Rollins College recently booted Intervarsity Christian Fellowship off campus. ICF is a 136 year old ministry founded by students at Cambridge, England, known more for its laborious lectures and academic publications than any sense of extremism or cultic behavior. This decision by the Rollins College administration is one that is being increasingly adopted by universities and colleges who at the same time proclaim to be academically free environments pursuing the liberal arts. The decision, ironically, is contrary to the mission of a liberal arts education and one that is discriminatory to people of faith.
Colleges and universities are hiding behind a Supreme Court decision in 2010 (CLS v. Martinez) that allows private institutions to remove any on-campus organization that does not conform to the school’s policies, which are a direct result of the school’s values. More and more colleges and universities are pushing conformity in the name non-discrimination to invade personally held religious beliefs. If the Muslim Student Association, Jewish Student Union, or, in this case, Intervarsity Christian Fellowship think their student leaders should (gasp) hold the very beliefs reflected by their faith traditions, they should be allowed to do so. However, school officials are requiring any and every student who wishes to be considered for leadership to be considered. Rollins officials pointed out that the Muslim Student Association past president wasn’t even Muslim. This does not even pass the laugh test.
The Association of American Colleges and Universities, of which Rollins College is a member, describes a liberal education as, “a philosophy of education that empowers individuals with broad knowledge and transferable skills, and a strong sense of value, ethics, and civic engagement.” The AACU strives to “make excellence in liberal education an equal opportunity commitment—to every student and to our diverse democracy.” Apparently not. A decision to limit the free assembly and governance of religious students pursues the very intolerance they are seeking to ameliorate. Only religious groups who embrace the university’s values are welcomed. Without a diversity of belief and healthy religious dialogue Rollins College will end up with white-washed religious groups with no distinction. They will end up having, as one person said to me, “a bunch of people in funny clothes speaking forth the university’s agreed upon values.” Is a Rollins graduate appropriately equipped for society when they realize the religious groups of the world actual hold contrary convictions and worldviews rather than a nuanced version of the college’s party line?

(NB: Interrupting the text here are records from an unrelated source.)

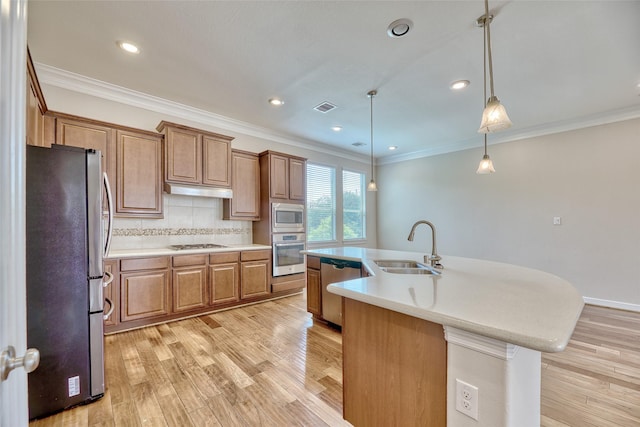 kitchen featuring appliances with stainless steel finishes, sink, light hardwood / wood-style flooring, hanging light fixtures, and an island with sink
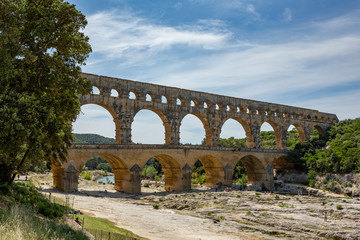 Fototapeta premium The magnificent three tiered Pont Du Gard aqueduct was constructed by Roman engineers in the 1st century AD in the south of France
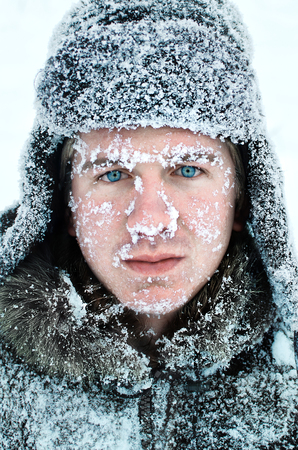 male face covered with snow with bright blue eyesの写真素材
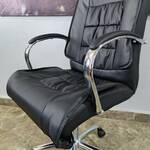 Stylish rotating leather mid-back office chair offering ergonomic support and a sleek design for any workspace.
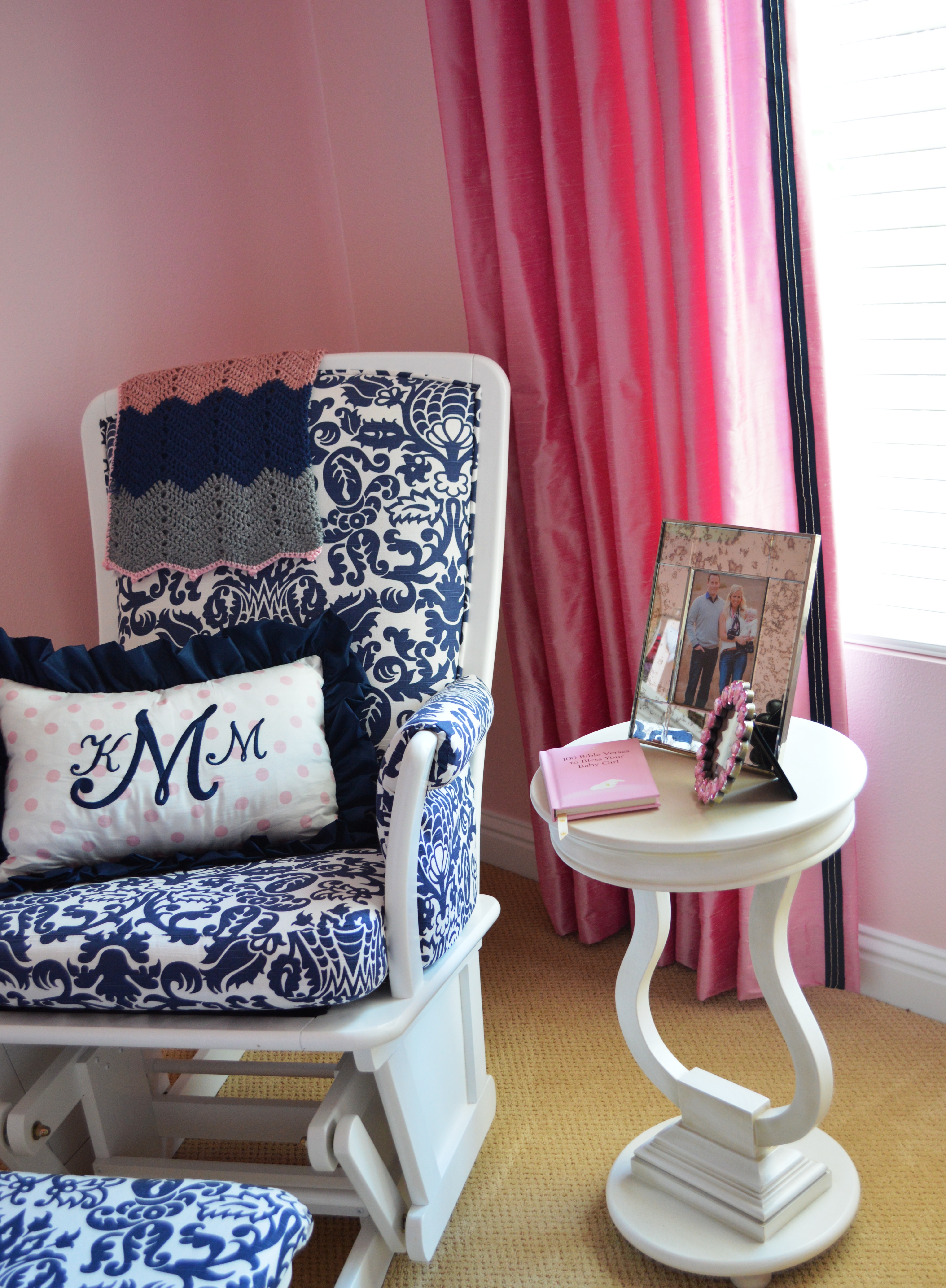 White Glider with Navy and White Floral Cushions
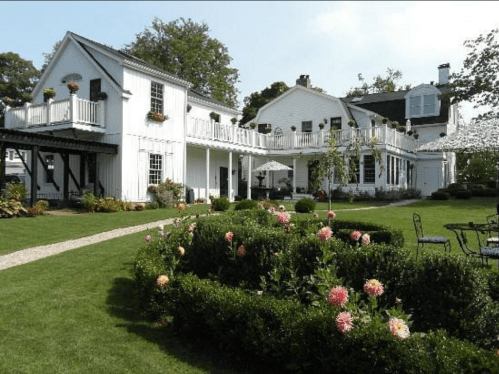 A charming white house with balconies, surrounded by lush gardens and colorful flowers on a sunny day.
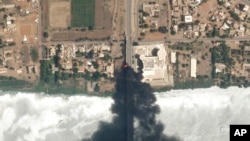 This satellite photo by Planet Labs PBC shows fires burning near a hospital in Khartoum, Sudan, April 16, 2023. 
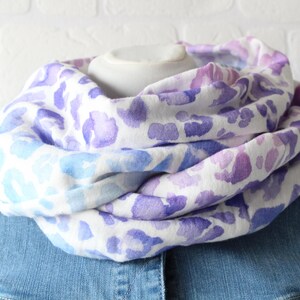 Könnte beinhalten: Ein weißer Loop-Schal mit einem Aquarellmuster aus lila und blauen Flecken. Der Schal ist über einem weißen Schaufensterkopf und einer Jeansjacke drapiert.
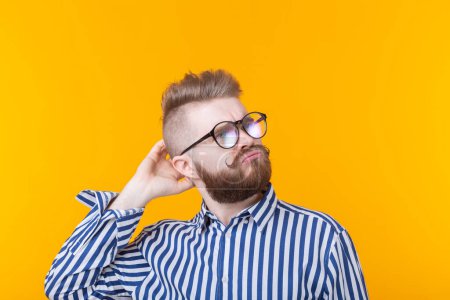 Photo for Cute intelligent young man with a beard and with glasses poses on a yellow background and thinks about something. The concept of a difficult choice. - Royalty Free Image
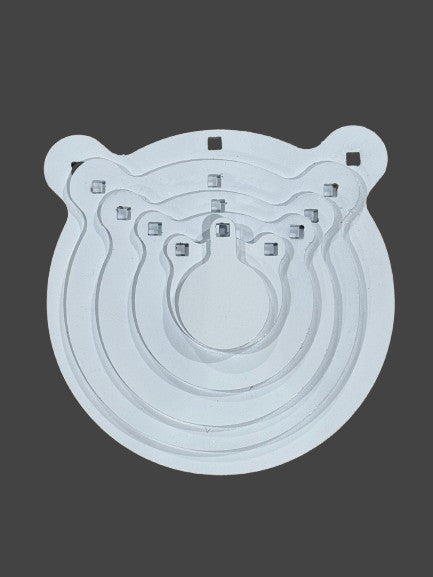 Set of five metal gongs in sizes 4, 6, 8, 10, and 12 inches arranged on a target stand outdoors.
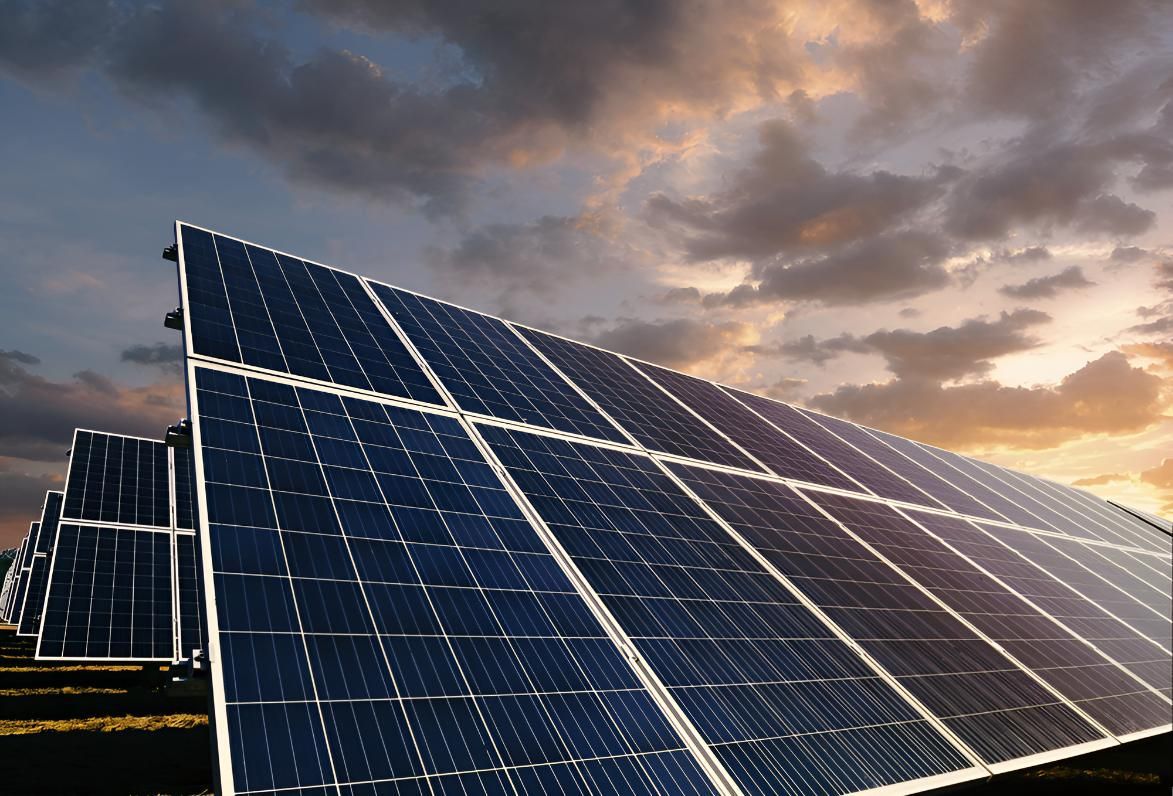 Row of Solar Panels Against a Cloudy Sky — Robbie McDonald Electrical in Sippy Downs, QLD
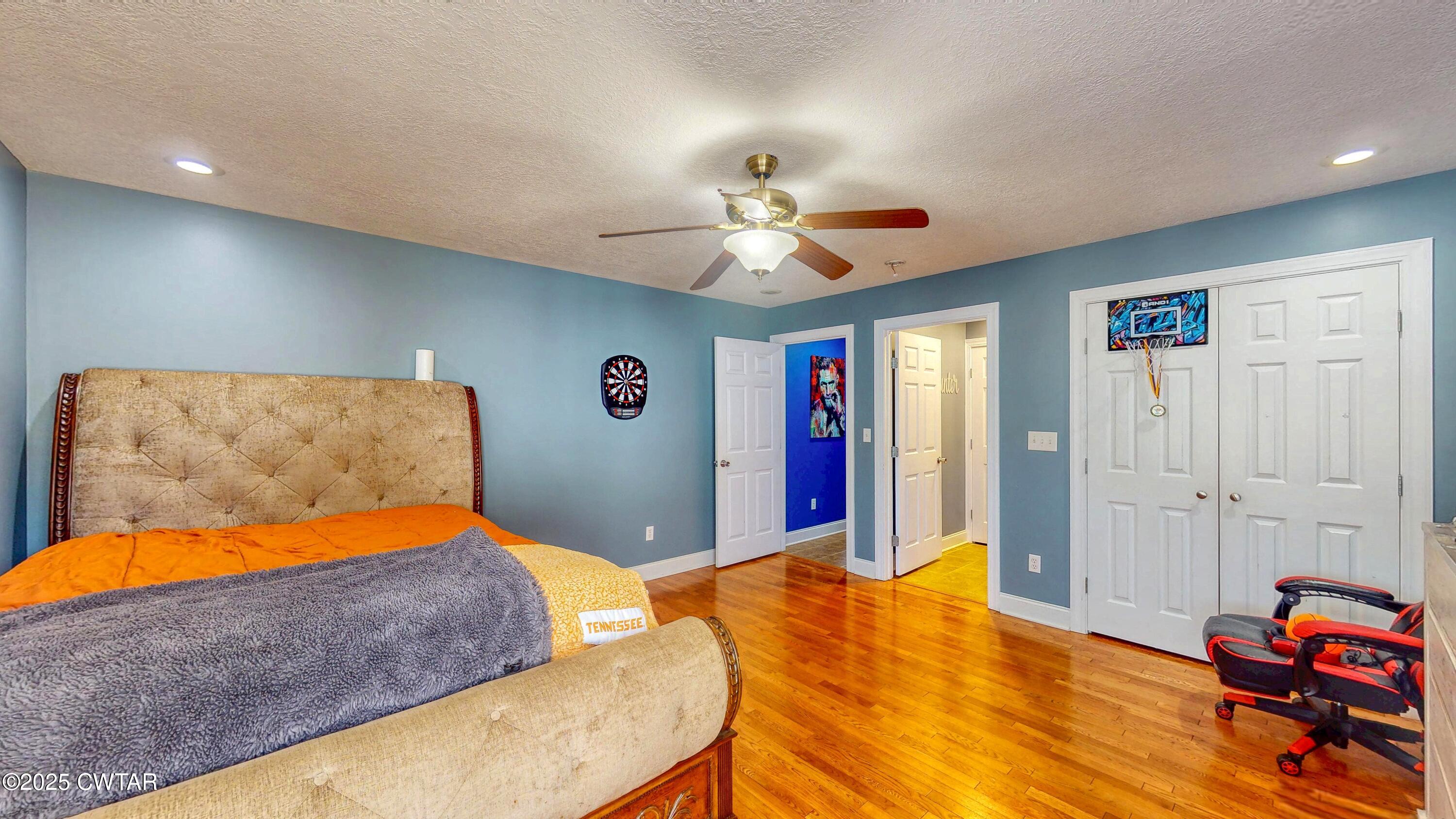 2345 East Grove Road Gleason, TN 38229 - Photo 23 of 44 a bedroom with a bed and a chandelier
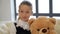 Little girl with teddy bear.The concept of a happy childhood, ch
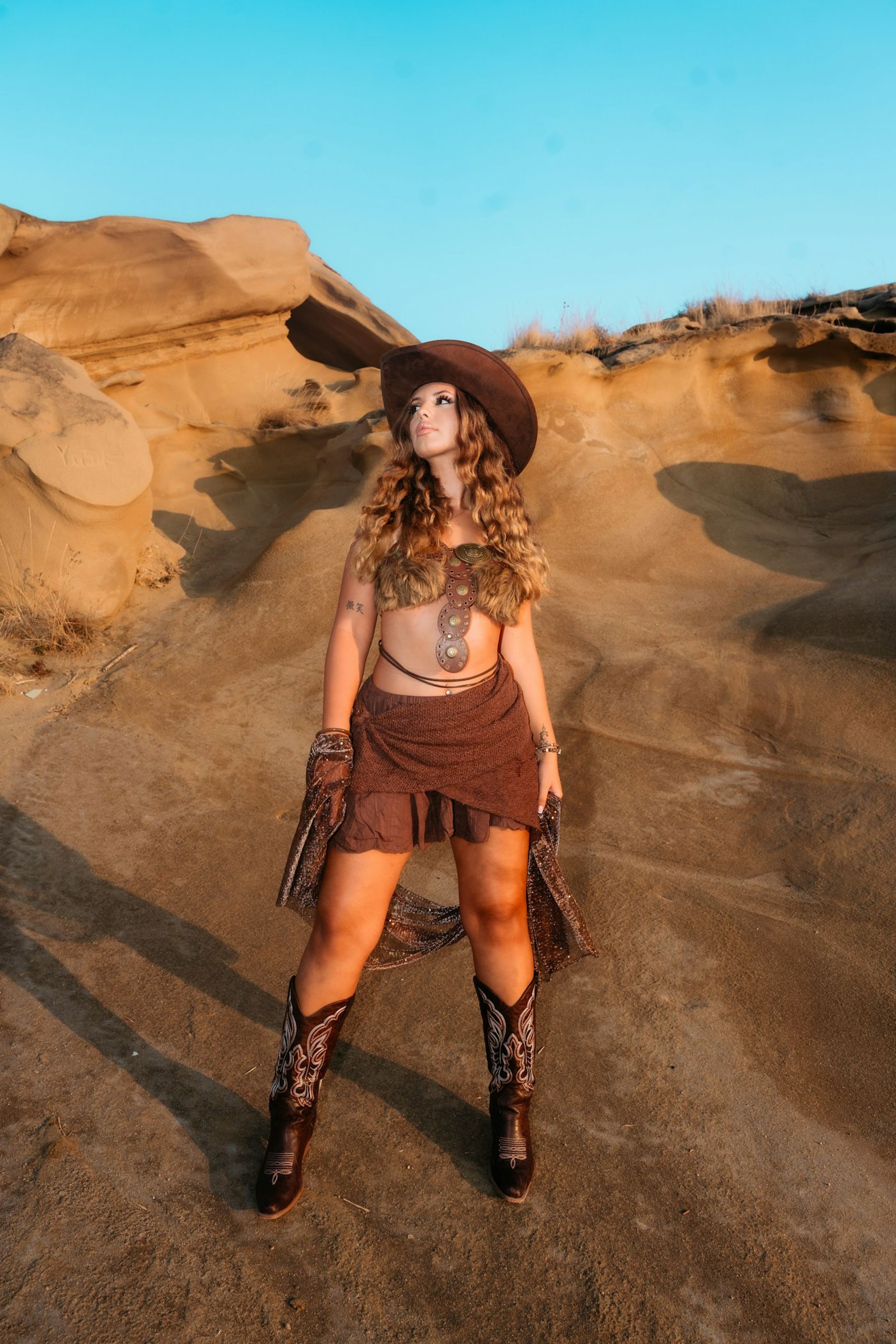 Woman in a western hat standing in a rocky desert landscape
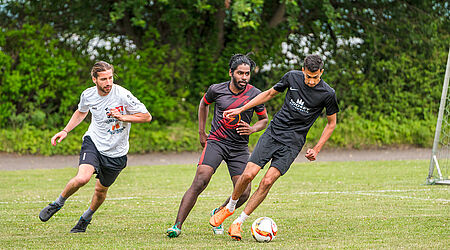 Drei Personen spielen Fußball auf einem grünen Rasen.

Second, a decision to control the doctrinal convictions of a religious group like ICF is bad for the college because it undercuts academic freedom. The school becomes the arbiter of truth, picking and choosing who speaks, when and how. George Orwell warned us against this, an author whom I read (surprise, surprise) in an academic setting. This very illiberal move prevents students from experiencing the crucible of college that shapes one’s faith convictions, ethical inquiry, and vocational choice. If a religious group chooses to adopt doctrine so severely at odds with the culture of the school, social dynamics will either bring about change, or teach the students involved where their beliefs stand in relation to society. Without such a dynamic engagement, students are taught that religious conviction does not matter, and religions that are contrary to the prevailing winds of society need changing by those in power outside the religion. How does such an environment truly equip Rollins graduates to live as citizens of a very diverse world in which religious dialogue and understanding has too often taken a back seat to conflict and warfare?
Emile Durkheim, a respected French sociologist and academician, writes that religion “should be an eminently collective thing.” Collective, until of course, the post-modern sensibility, as we see demonstrated by the Rollins College administration, worships the radical idol of inclusivity to the neglect of free thought and conviction, ancient texts, historic faith traditions, and freedom of assembly.